Okay, I'm in search of a movie from my childhood. I thought either of the Troll flicks might jog my memory. Unfortunately, neither the original nor the non-sequel struck a chord in my memory, but I sure had a good time watching both movies.





Even though the first Troll (1986) flick has a mini monster with a ball on the freakingposter, it's not the movie I remember. It is however a really strange flick with a father and son duo by the names of Harry Potter. Harry Jr's sister gets taken over by a Troll (or something) when they move into their new apartment building. Soon enough the troll is causing all kinds of trouble, even converting the other tenants in weird creatures.
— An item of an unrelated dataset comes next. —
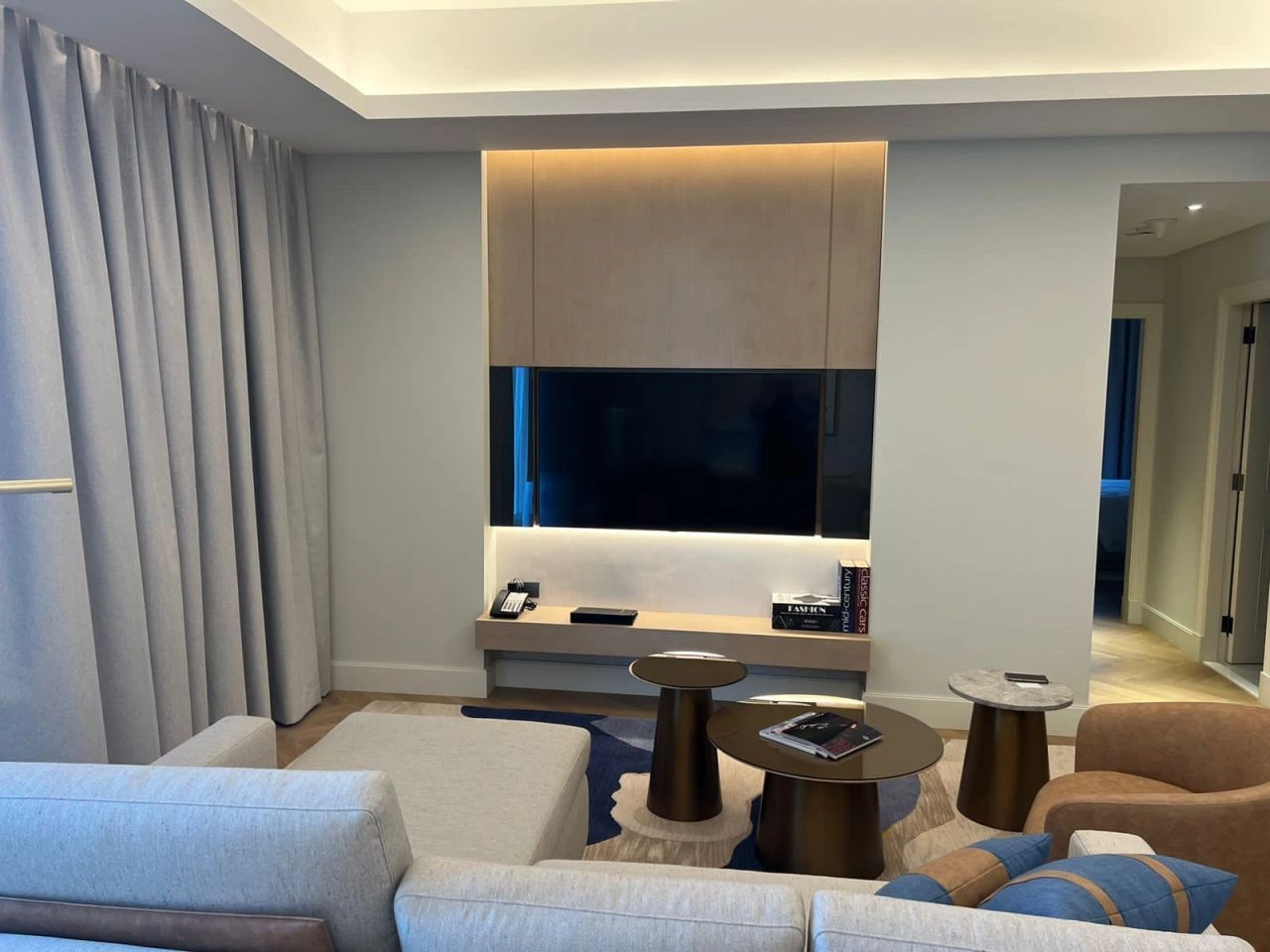 शहर के नज़ारों वाला 107 m2 अपार्टमेंट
Luckily there's a weird old lady with a pet mushroom plant who helps Harry Jr. save the day. I'll be honest, I watched Troll over a week ago and my already shoddy memory has forgotten a lot of the details. Sonny Bono, Julia Louis-Dreyfus and June Lockhart all have rolls and entertain in their own way. It really is just a great, weird movie.
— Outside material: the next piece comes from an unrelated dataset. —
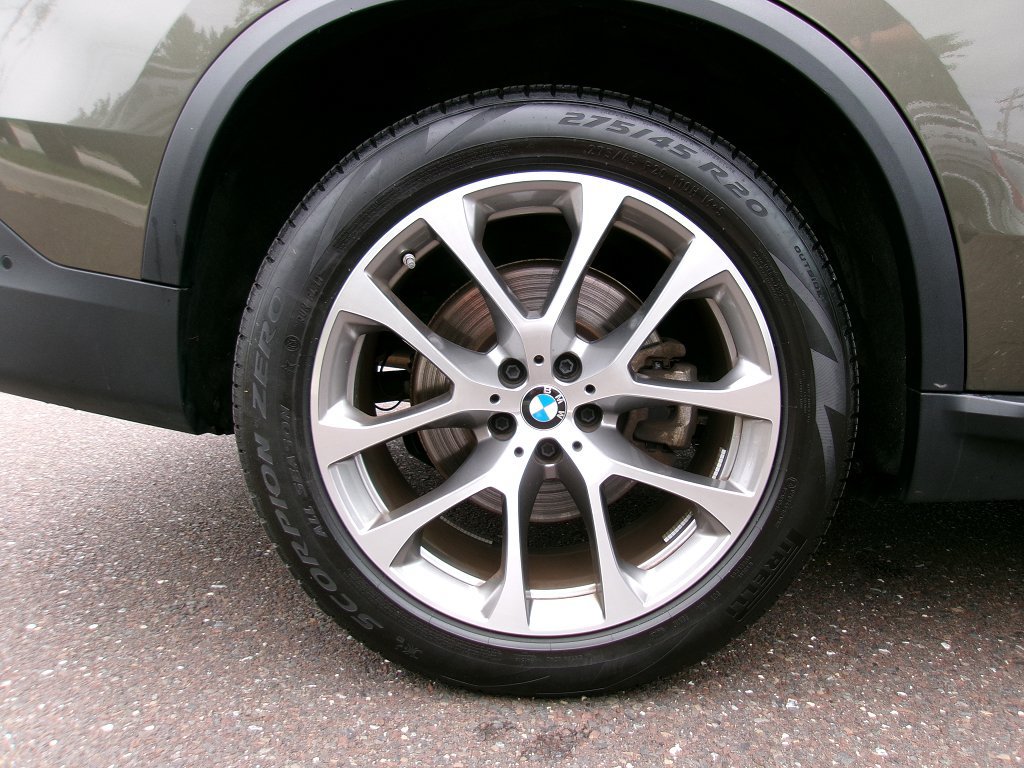 Used 2026 BMW X5 xDrive40i w/ Premium Package AWD/4WD image 16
Okay, so a swing and a miss on the first flick, maybe the second would be a hit. Nope. Whiff. Yeah baseball metaphors! Anyway, I didn't really know Troll 2's crazy history or its title as "Best Worst Movie" when I added it to my Netflix but between adding it and getting the movie, it was mentioned on both Horror Movie a Day and in the Totally Rad Show podcast. So, I was kind of excited to finally watch the movie, which apparently started life as a completely different movie about goblins. BC and HMAD did a pretty right on review though I think I liked the movie a lot more.


Yes, it's completely ridiculous and poorly acted, but it's definitely not the worst movie I've ever seen. Slumber Party Massacre 2 still holds that spot. Anyway, the TRS guys talked about a documentary created by the kid who starred in Troll 2 that I'm interested in checking out.


Instead of doing a straight-up review, I'll post the notes I made while watching the first three quarters of the movie (I gave up and just watched, probably buzzed, after a while).


Here goes, with commentary when necessary:


-he's imagining his dead g-pa telling him a story?


-Kid has a Superman poster and fucking Killing Joke Joker HAHAHAHAHAHAHA poster!!!


-"You take them to bed with you and i don't believe in group sex" (the daughter in the story says this about her boyfriend and his friends)


-acting is BAD


-"Joshua start singing" (I think one of the parents yells this at the kid/hero)


-this kid has crazy dreams - green blood/sweat, tree fingers and sucking chest wound


-holy crap, they're driving an aerostar (in high school I drove a 1994 Ford Aerostar Mini Van, this one is pretty similar)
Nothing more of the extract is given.